- **Records shown**
- Opening Delimiter -

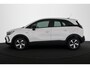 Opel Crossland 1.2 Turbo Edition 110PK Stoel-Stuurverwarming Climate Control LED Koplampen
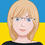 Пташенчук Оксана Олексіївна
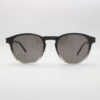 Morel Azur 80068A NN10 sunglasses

- Closing Delimiter -
- Opening Delimiter -

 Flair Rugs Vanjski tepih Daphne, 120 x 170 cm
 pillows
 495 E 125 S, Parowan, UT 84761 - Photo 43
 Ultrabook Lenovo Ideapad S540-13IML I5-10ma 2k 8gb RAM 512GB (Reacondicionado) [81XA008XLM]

- Closing Delimiter -

- **Work order**
Please output, exactly as written, the lines above from the one holding "Opel Crossland 1.2" through the one holding "Morel Azur 80068A NN10 sunglasses", both included, with the pictures omitted.

- **Written solution**
 Opel Crossland 1.2 Turbo Edition 110PK Stoel-Stuurverwarming Climate Control LED Koplampen
 Пташенчук Оксана Олексіївна
 Morel Azur 80068A NN10 sunglasses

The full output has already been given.